Flag Varieties: A Geometric Framework for Deep Network Alignment

2026-05-11Machine Learning

Machine LearningArtificial Intelligence
AI summary

The authors study how layers in deep neural networks tend to align their weight matrices in certain geometric ways, which affects how information flows and how different networks behave. They use advanced math (geometric invariant theory) to show that this alignment follows precise structures rather than being random. Their work explains why certain patterns, like Neural Collapse, appear naturally and how regularization and nonlinearities influence alignment. They also provide new tools to analyze these patterns directly from network weights without needing to run data through the network. Their experiments on various architectures support their theoretical insights.

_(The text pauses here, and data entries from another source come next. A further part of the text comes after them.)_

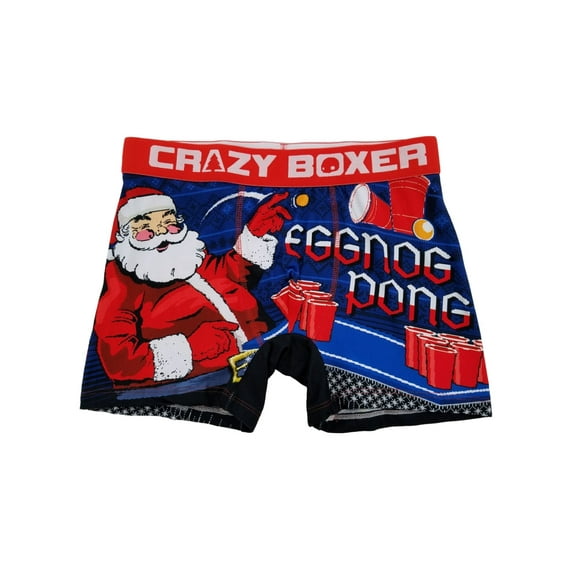Mens Christmas Party Santa Eggnog Pong Red Solo Cup Underwear Boxer Briefs S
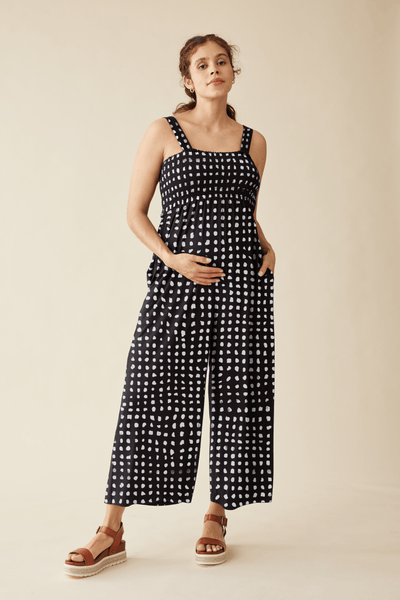 The One-And-Done Black Maternity Jumpsuit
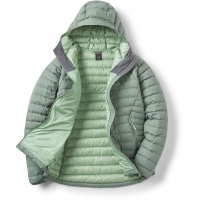 RAB Microlight Windstopper Hoody Women's Dark Fig Green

weight matrix alignmentneural collapsegeometric invariant theorysubspace intersectionflag varietyridge regularizationnonlinear activationcommutator obstructiondeep learningrepresentation similarity
Authors
Jingchuan Xiao, Xinyi Sui, Cihan Ruan
Abstract
Alignment, the tendency of adjacent weight matrices in deep networks to develop compatible subspace orientations, underlies gradient flow, Neural Collapse, and representation similarity across architectures. Despite extensive empirical documentation, these phenomena have resisted unified theoretical treatment: existing explanations are post-hoc, each fitted to a specific observation with whatever mathematics is at hand. We reverse this direction by deriving the mathematical structure that layerwise alignment inherently demands. Using geometric invariant theory, we prove that alignment geometry has a canonical closed, polystable stratum given by a flag variety, and that subspace intersection dimension is its unique reparameterization-invariant observable, establishing that subspace metrics are not empirical conventions but mathematical necessities. This unified framework yields two dynamical consequences: ridge regularization drives subspace alignment at an exponential rate set by weight decay, whereas nonlinear activations induce a commutator obstruction to exact basis alignment, generically present in nonlinear networks and absent in linear ones. Together these give a geometric explanation of the Level-2/3 hierarchy in Neural Collapse from first principles rather than post-hoc analysis. The commutator magnitude and head subspace overlap further serve as weight-space windows into internal alignment structure, requiring no forward passes. Experiments on multilayer perceptrons, residual networks, and pretrained language models support the proposed diagnostics and delineate their scope.